Such beliefs as these are world-wide; they are a commonplace of anthropology; and it would be waste of time to multiply examples. They exhibit a concept of personality imperfectly crystallized. It is still fluid and vague, only to become entirely definite under the influence of trained reason and larger and more scientific knowledge. But, such as it is, there is behind and around it the still vaguer, the unlimited territory of the Impersonal, because the Unknown. Every object on which the attention has been fixed, every object, therefore, that may be said to be known, has its own personality--every object, whether living, or, according to our ideas, not-living.
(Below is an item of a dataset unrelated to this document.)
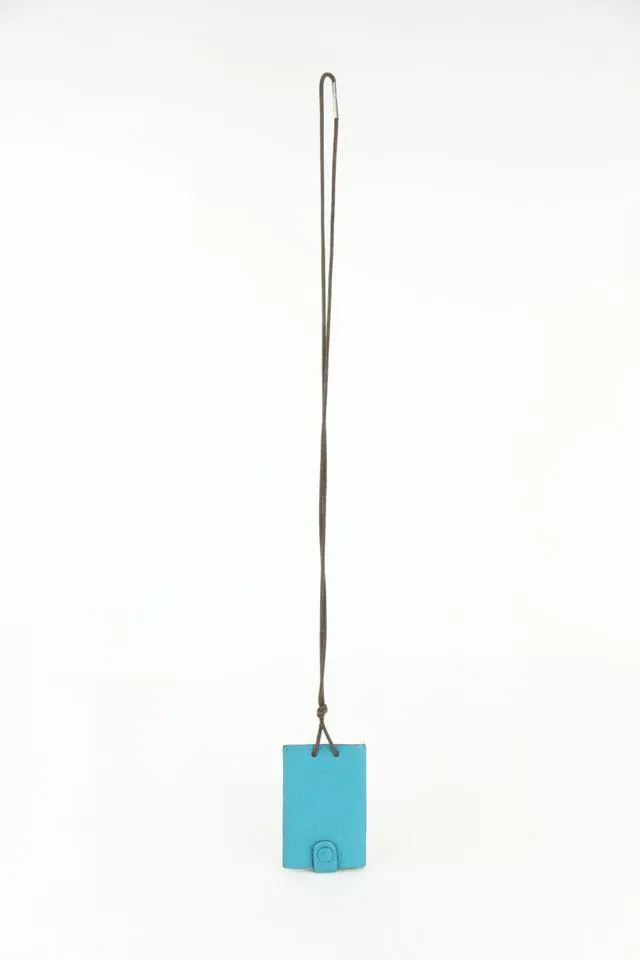 Hermès Blue Chevre Mini Note Cards with  925 Silver Pencil 1012h27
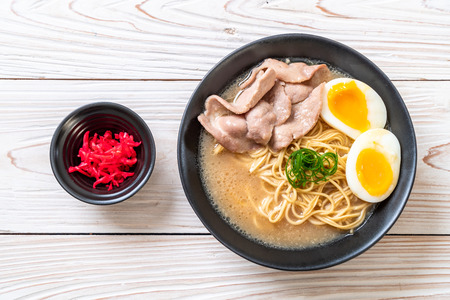 tonkotsu ramen noodles with pork and egg - japanese styleの写真素材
What remains is the stuff out of which personalities are formed as it is gradually reduced into relations with the savage observer. These personalities do not necessarily correspond even to anything objective. They may be creations of the excited imagination. It is sufficient for the savage that they seem to be, and to have a relation to himself which he cannot otherwise interpret. His emancipation from this state of mind is slow, though among some peoples in the lower culture it is more perceptible than among others. But it leaves its traces everywhere--there, most of all, where emotion is most acute and permanent, where hopes and fears are most overwhelming, in the sphere of religion.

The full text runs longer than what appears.